Surprenant Defoe. D'après le peu que j'ai pu lire de ses textes ou apprendre à son sujet, c'était un personnage assez original. Il n'est pas aisé de le comprendre, ni humainement, ni littérairement... ou, pour m'exprimer autrement : à l'exception de "Robinson Crusoé" (et même ici j'hésite), je ne sais toujours pas comment me saisir de son oeuvre.
Plusieurs couches successives de plusieurs réalités se superposent dans les textes de Defoe. C'était un filou. Sa prédisposition à jongler librement avec les chiffres (que ce soient les montants ou les dates) pourrait partiellement expliquer sa propre faillite commerciale. Son talent pour mener le lecteur par le bout du nez pourrait nous éclairer sur les raisons de sa réussite sociale, qui a atteint son apothéose au service de l'espionnage d'Etat. Et cette image d'homme-caméléon est encore rehaussée par les 198 pseudonymes divers que Defoe utilisa durant sa carrière de pamphlétaire et d'écrivain.
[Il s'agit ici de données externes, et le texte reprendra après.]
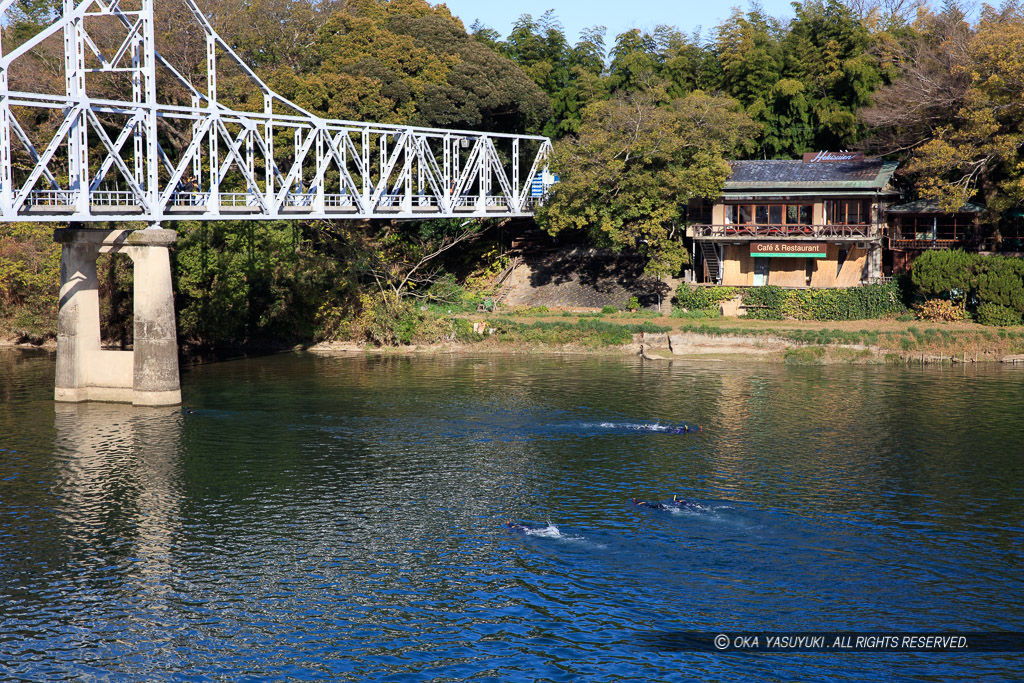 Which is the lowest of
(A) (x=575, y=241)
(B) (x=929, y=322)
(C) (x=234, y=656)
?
(C) (x=234, y=656)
J'aurais pu m'épargner cette introduction, mais elle me semble utile pour aborder "Lady Roxana ou L'Heureuse maîtresse" (accessoirement "L'Heureuse catin" - ancienne traduction bien commode pour éviter un mauvais choix de cadeau pour la pédagogue de votre pitchoun à la fin de l'année scolaire).
Cette "confession", ou plutôt l'autobiographie fictive d'une femme déchue (déçue ?) est présentée comme un seul long chapitre dans sa version originale. Malgré tout ce que j'aurais pu lui reprocher (retours et répétitions à profusion, pages interminables de calculs et combines pour accroître une fortune...), l'histoire était captivante et m'a fait brasser tout un tas d'émotions intéressantes. Roxana, dont le lecteur n'apprendra jamais le prénom véritable (tout comme pour les autres noms, titres, lieux...) est une protagoniste qui a réussi à changer avec succès mes sympathies initiales en mépris et en dégoût absolus, au fur et à mesure de ses déboires.

C'est un roman sur les causes et les conséquences. Sur la vanité et les ambitions démesurées. Sur les tristes tentatives de justifier ses (mé)faits devant les autres et devant soi-même. Sur la société, le mariage et la liberté, l'indépendance, l'égalité. Sur le fait que les mensonges rattrapent toujours le menteur. Sur l'hypocrisie, la morale et la moralité. le récit roule comme une boule de neige, en ramassant au passage de nombreuses réflexions qui s'attaquent au statu quo de la société, mais aussi un tas d'immondices bien puantes qui collent au caractère de la pauvre Roxana.
La narratrice, qui touche le fond suite à son premier mariage malheureux avec un abruti et transgresse la frontière du "moralement acceptable", inspire la même compassion que sa soeur ainée "Moll Flanders", ou le personnage de Nancy dans "Oliver Twist"... mais elle se complaît tellement à cultiver son vicieux jardin secret que bientôt on pense davantage à "Fanny Hill" de Cleland. Ses ambitions pécuniaires et son avidité de titres de noblesse ne sont pas sans rappeler la cour de Charles II Stuart dans toute sa splendeur. Tout ceci va culminer par la transformation de Roxana en monstre manipulateur qui négocie avec sa conscience, ment à tout le monde, intrigue devant son mari et renie ses propres enfants. Ces passages sont délectables.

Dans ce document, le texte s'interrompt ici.